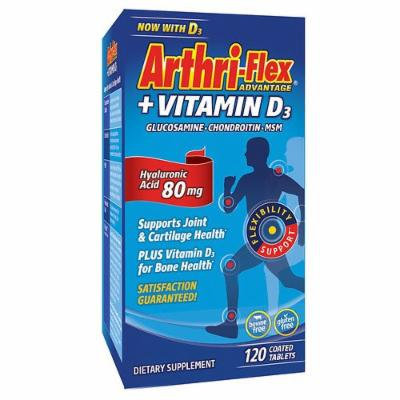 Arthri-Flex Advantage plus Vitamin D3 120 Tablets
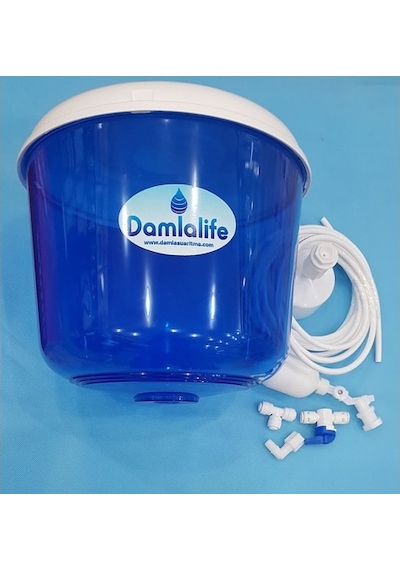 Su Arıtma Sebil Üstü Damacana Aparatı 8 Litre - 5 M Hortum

--

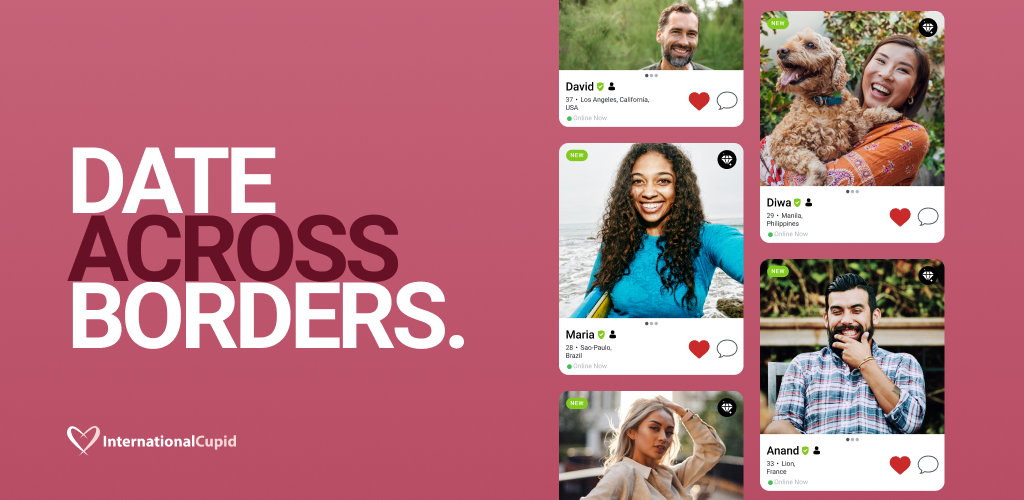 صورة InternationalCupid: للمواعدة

*Exercise objective*
Only the lines above from the one with "Arthri-Flex Advantage plus" to the one with "Su Arıtma Sebil" should be printed, both included and exactly as written; no picture belongs in the copy.

*Written answer*
 Arthri-Flex Advantage plus Vitamin D3 120 Tablets
 Su Arıtma Sebil Üstü Damacana Aparatı 8 Litre - 5 M Hortum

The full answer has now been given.